As gravuras da Idade do Ferro, mais precisamente da 2ª Idade do Ferro, constituem seguramente o segundo conjunto mais relevante do Vale do Côa. Os motivos representados baseiam-se sobretudo na figura humana, que é retratada de forma isolada, ou montada em cavalos, demonstrando-se assim uma das novidades importantes da época: a domesticação deste animal. Estas figuras humanas tomam geralmente a forma de guerreiros. As figuras compõem geralmente cenas, que se acredita constituírem relatos de acontecimentos mitológicos. Para essa crença contribui o facto de muitas figuras apresentarem cabeças em forma de bico de pássaro. 

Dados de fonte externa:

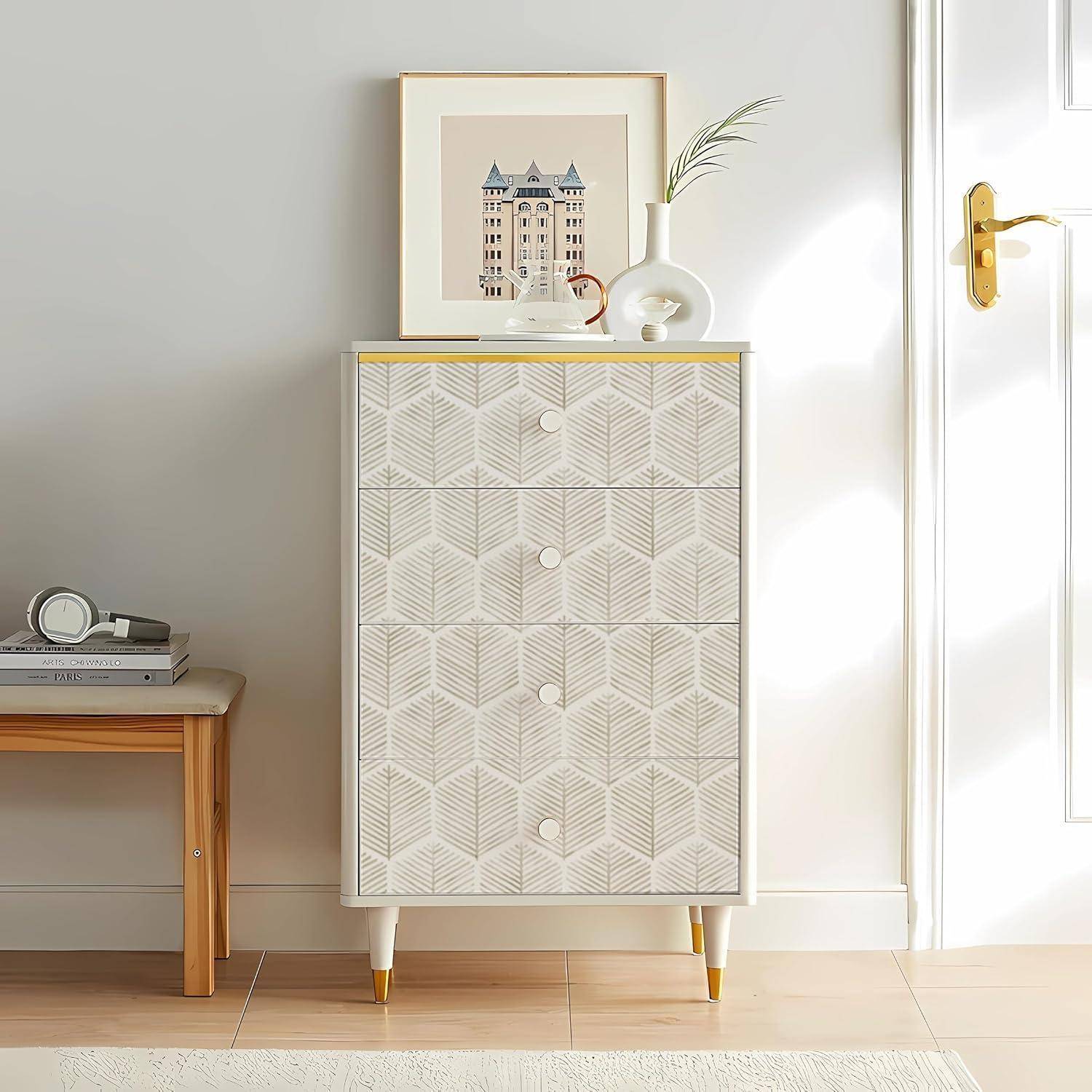 Ein hoher Schrank mit geometrisch gemusterten Schubladen steht neben einer geschlossenen Holztür. Ein gerahmtes Bild und eine Pflanze stehen auf der Oberfläche.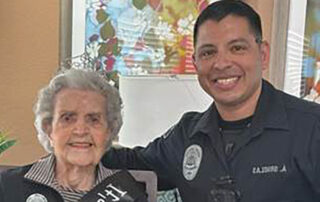 Resident Betty Nehrig posing with smiling police officer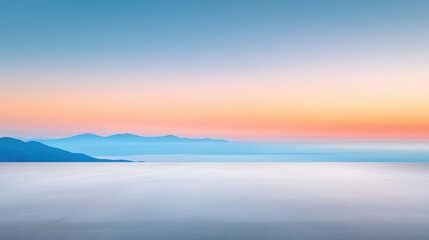 Wall Mural - Serene sunset over distant mountains and horizon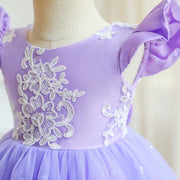 Purple dress with white floral lace on a mannequin against a neutral background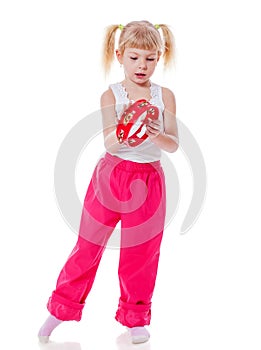 Girl playing tambourine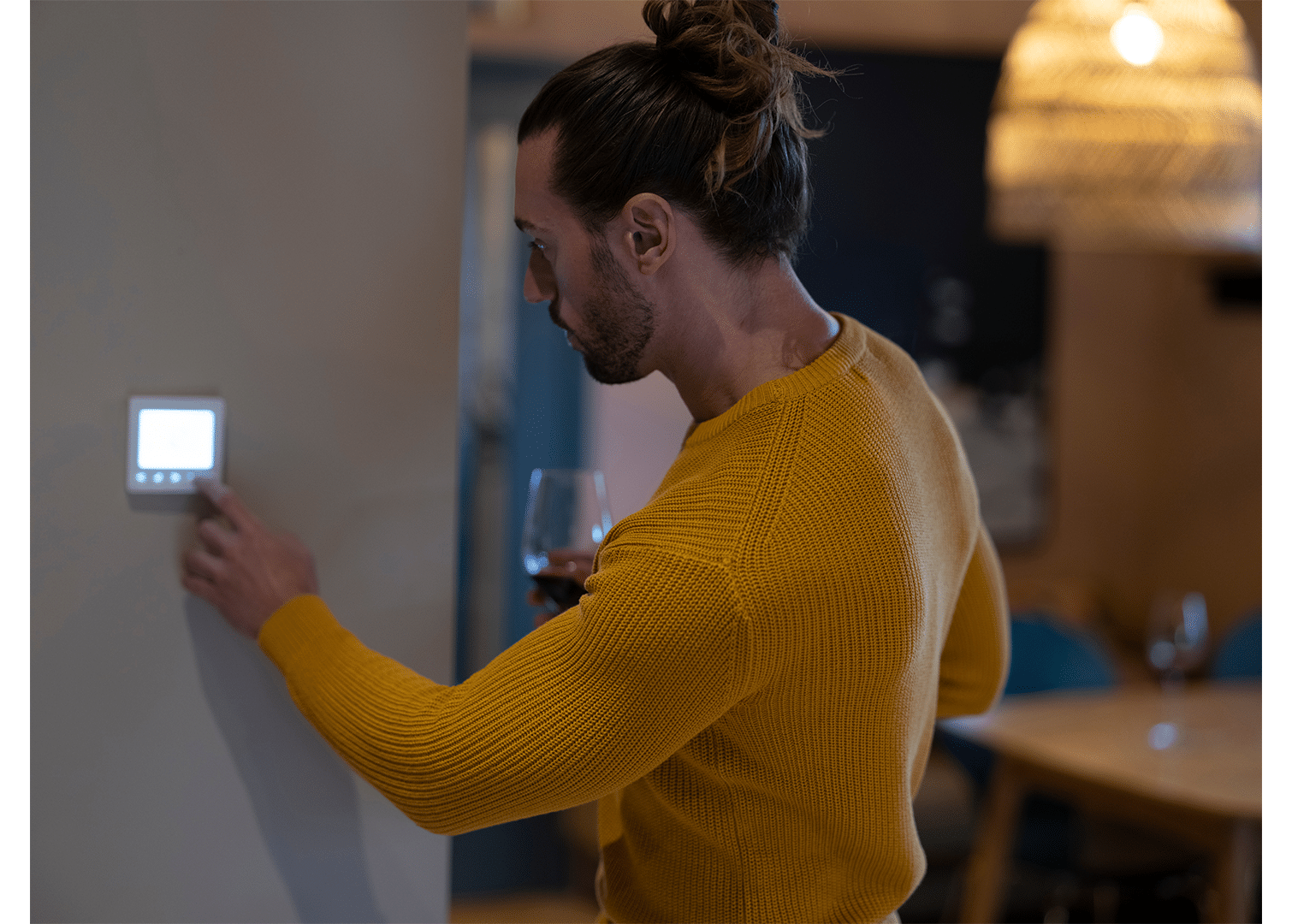A man in a long-sleeved yellow shirt adjusts a smart thermostat in a modern home.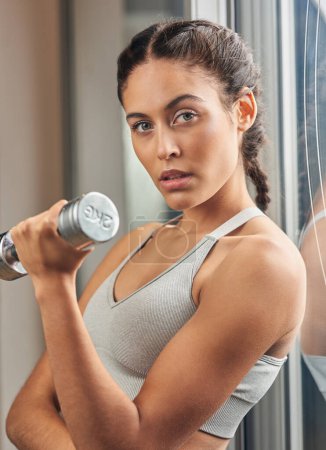 Photo for Toned arms are what Im after. Cropped portrait of an attractive young female athlete working out with a dumbbell in the gym - Royalty Free Image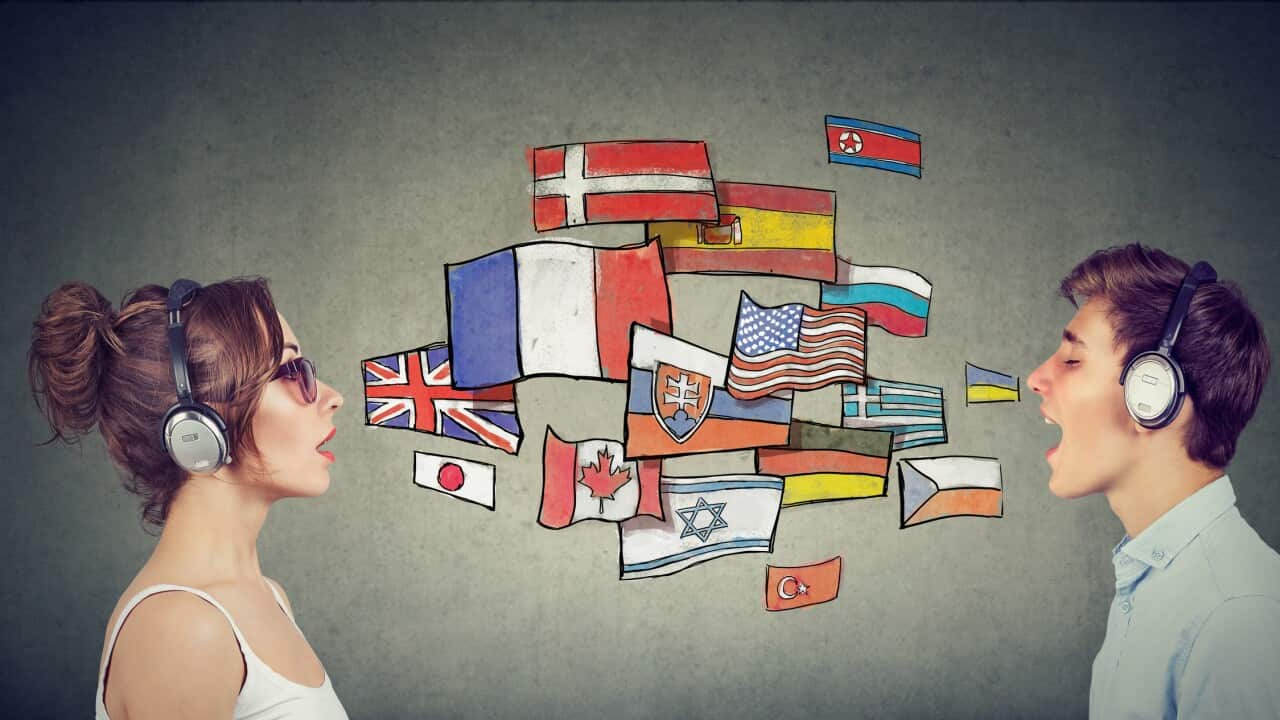 Young woman and man in headphones learning different languages communicating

A ocupação desta época na região do Vale do Côa seguiria o padrão identificado para todo o noroeste peninsular. Assentaria numa rede de povoados fortificados no cimo dos montes, vulgarmente apelidados de castros, de onde se deteria um bom controlo visual da região envolvente e facilmente se abrigariam as populações em caso de conflito. Cada um destes povoados dominaria um pequeno território por onde se distribuíram os campos de cultivo e as zonas de pasto. Aqui esteve a antiga sede de bispado visigótico CaliabrigaNão é de excluir que alguns acastelamentos medievais tenham escolhido as mesmas implantações dos povoados proto-históricos, destruindo-os. Este parece ser o caso de Marialva, que as fontes romanas fazem corresponder à Civitas Aravorum, uma entidade político-administrativa romana, que tem origem numa etnia proto-histórica. Para além destes, a região do Vale do Côa estaria relacionada com outros grupos étnicos pré-romanos. Os Banienses teriam a sua sede administrativa no Vale da Vilariça. Esta arte da Idade do Ferro tem vindo a ser interpretada como delimitadora de fronteiras entre territórios de diferentes povos. O Vale do Côa situa-se no limite ocidental da Meseta Ibérica, dando-se aqui início aos planaltos centrais e às montanhas que marcam o litoral peninsular. Este limite natural definiria possivelmente as fronteiras entre povos, nomeadamente os famosos Lusitanos e os Vetões. A arte serviria assim para definir e manter os limites estabelecidos. A sua temática guerreira funcionaria como gestora das tensões políticas. É curioso verificar que o aparecimento da escrita parece ter provocado uma interrupção na arte rupestre do Vale do Côa. Este facto encontra-se atestado noutras partes do mundo, onde se verificam casos idênticos que parecem demonstrar que a arte rupestre é uma atividade típica das sociedades iletradas. No Vale do Côa, ao ciclo artístico da Idade do Ferro, que marca localmente o fim das sociedades sem escrita, segue-se um vazio até por volta do século XV/XVI quando surgem novos gravadores.